START DATA SHOWN
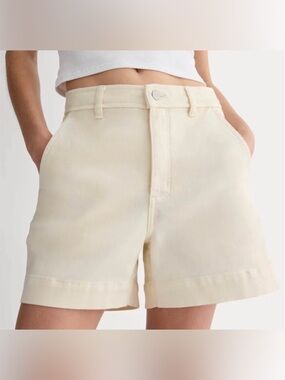 White Everlane Cotton Twill Shorts
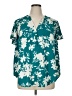 Torrid 100% Polyester Tropical Teal Short Sleeve Blouse Size 1X Plus (1) - photo 1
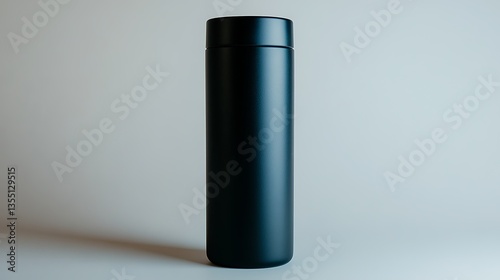 Wallpaper Mural Sleek black thermos bottle isolated on a neutral background. Torontodigital.ca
END DATA SHOWN
PROBLEM TO SOLVE => Retype the listing above exactly, please. Pictures do not belong in the copy.

EXERCISE SOLUTION =>
 White Everlane Cotton Twill Shorts
 Torrid 100% Polyester Tropical Teal Short Sleeve Blouse Size 1X Plus (1) - photo 1
 Wallpaper Mural Sleek black thermos bottle isolated on a neutral background. Torontodigital.ca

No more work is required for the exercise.